Department of Plant Cellular and Molecular Biology, The Ohio State University, Columbus, OH 43210, USA.
Plant Methods. 2008 Oct 27;4:25. doi: 10.1186/1746-4811-4-25.
Establishing transcriptional regulatory networks that include protein-protein and protein-DNA interactions has become a key component to better understanding many fundamental biological processes. Although a variety of techniques are available to expose protein-protein and protein-DNA interactions, unequivocally establishing whether two proteins are targeted together to the same promoter or DNA molecule poses a very challenging endeavour. Yet, the recruitment of multiple regulatory proteins simultaneously to the same promoter provides the basis for combinatorial transcriptional regulation, central to the transcriptional regulatory network of eukaryotes. The serial ChIP (sChIP) technology was developed to fill this gap in our knowledge, and we illustrate here its application in plants.

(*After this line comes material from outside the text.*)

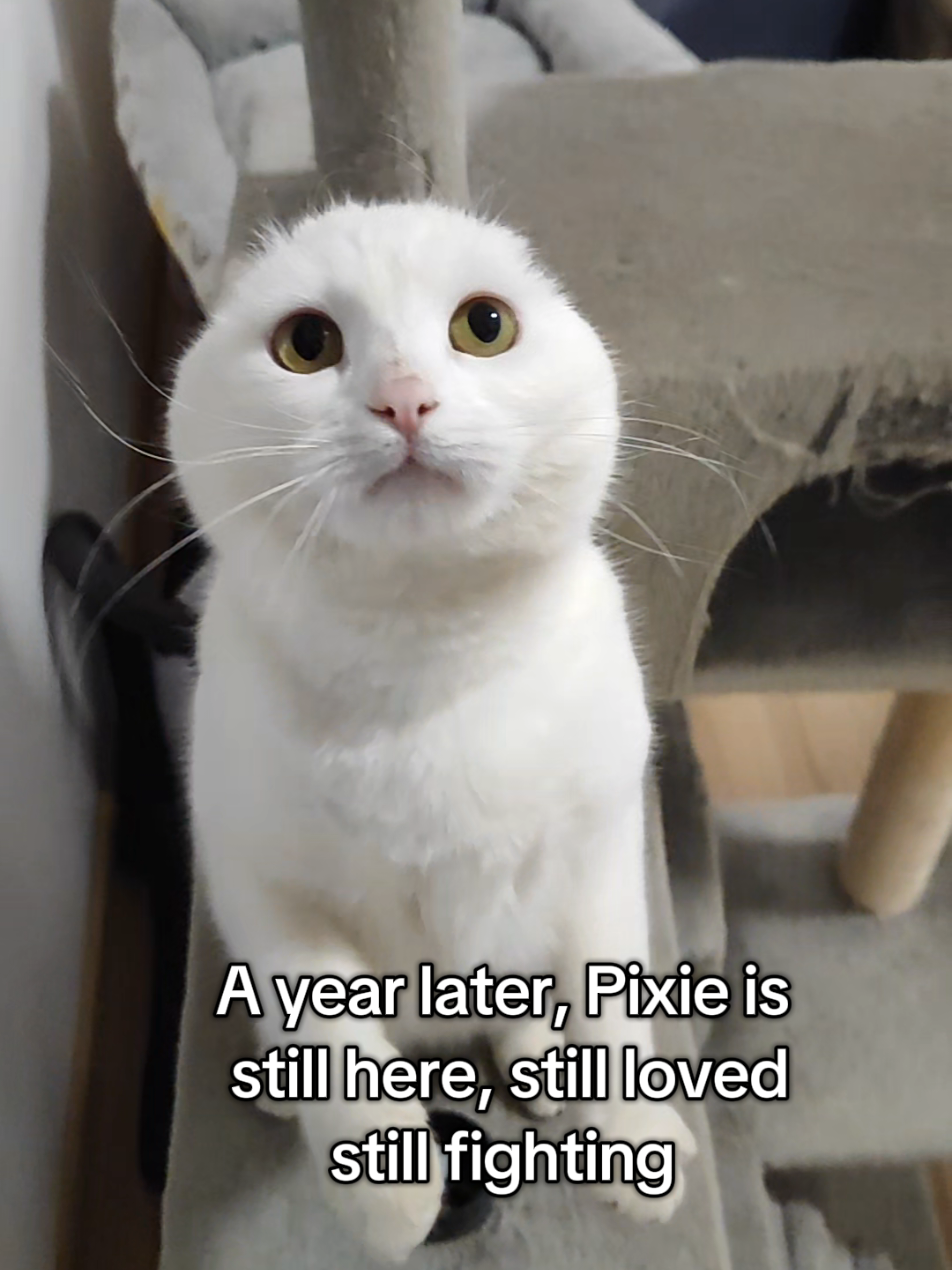 @Fluffy - the persian cat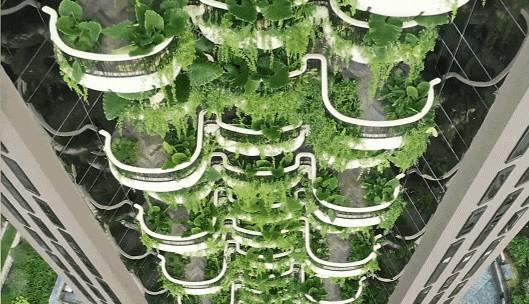 3亿新币买下乌节路整栋20层公寓买家浮出水面,原来是这对父子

Here we describe a modified sChIP protocol that provides robust and quantitative information on the co-association or exclusion of DNA-binding proteins on particular promoters. As a proof of principle, we investigated the association of histone H3 protein variants with modified tails (H3K9ac and H3K9me2) with Arabidopsis RNA polymerase II (RNPII) on the promoter of the constitutively expressed actin gene (At5g09810), and the trichome-expressed GLABRA3 (GL3) gene. As anticipated, our results show a strong positive correlation between H3K9ac and RNPII and a negative correlation between H3K9me2 and RNPII on the actin gene promoter. Our findings also establish a weak positive correlation between both H3K9ac and H3K9me2 and RNPII on the GL3 gene promoter, whose expression is restricted to a discrete number of cell types. We also describe mathematical tools that allow the easy interpretation of sChIP results.

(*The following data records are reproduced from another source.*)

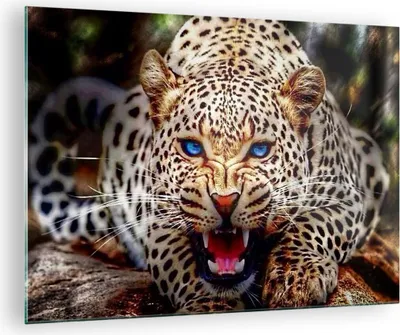 Produktbild von Bilder auf glas - Panther Tier - 70x50cm - Glasbilder - Wandbilder - Bilder - Kunstdruck - zum Aufhängen bereit - Wanddekoration aus Glas - Glas Bilder - Wandbild auf Glas - Einteilig - GAA70x50-3506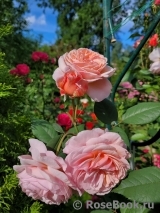 A Shropshire Lad A Shropshire Lad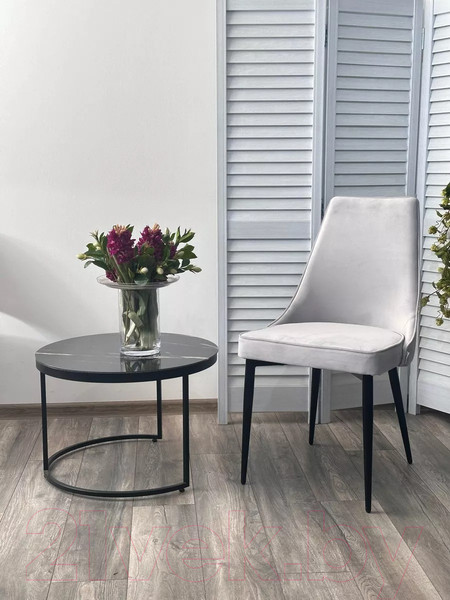 Изображение товара Стул M-City Nepal-P / 461MC05520 (светло-серый BM-4 велюр/черный)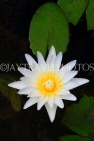 CAMBODIA, Siem Reap, Royal Independence Garden, Water Lily, CAM2326JPL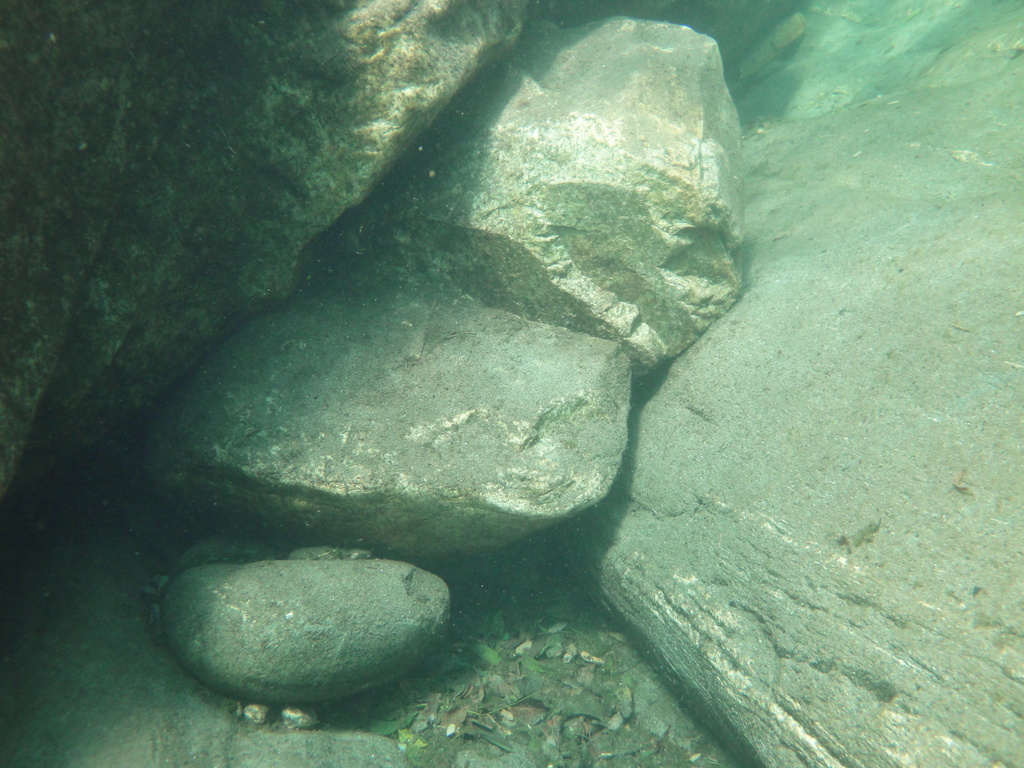 DSC00007.JPG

The sChIP method described here provides a reliable tool to determine whether the tethering of two proteins to the same DNA molecule is positively or negatively correlated. With the increasing need for establishing transcriptional regulatory networks, this modified sChIP method is anticipated to provide an excellent way to explore combinatorial gene regulation in eukaryotes.
建立包括蛋白质-蛋白质和蛋白质-DNA 相互作用的转录调控网络已成为更好地理解许多基本生物过程的关键组成部分。虽然有多种技术可用于揭示蛋白质-蛋白质和蛋白质-DNA 相互作用,但明确确定两个蛋白质是否被同时靶向到同一个启动子或 DNA 分子是一项极具挑战性的工作。然而,多个调节蛋白同时被招募到同一个启动子为组合转录调控提供了基础,这对真核生物的转录调控网络至关重要。串联 ChIP(sChIP)技术的发展就是为了填补我们知识中的这一空白,我们在这里展示了它在植物中的应用。
我们在这里描述了一种改良的 sChIP 方案,该方案可提供有关特定启动子上 DNA 结合蛋白的共关联或排除的稳健和定量信息。作为原理验证,我们研究了组蛋白 H3 变体与经修饰尾部(H3K9ac 和 H3K9me2)与拟南芥 RNA 聚合酶 II(RNPII)在组成型表达的肌动蛋白基因(At5g09810)和毛状体表达的 GLABRA3(GL3)基因启动子上的关联。不出所料,我们的结果显示 H3K9ac 和 RNPII 之间存在强烈的正相关,而 H3K9me2 和 RNPII 之间存在负相关在肌动蛋白基因启动子上。我们的研究结果还确定了 H3K9ac 和 H3K9me2 与 GL3 基因启动子上的 RNPII 之间的弱正相关,而 GL3 基因的表达仅限于少数几种细胞类型。我们还描述了允许轻松解释 sChIP 结果的数学工具。
这里描述的 sChIP 方法提供了一种可靠的工具,可用于确定将两个蛋白质固定到同一个 DNA 分子上是否呈正相关或负相关。随着建立转录调控网络的需求不断增加,这种改良的 sChIP 方法有望成为探索真核生物组合基因调控的绝佳方法。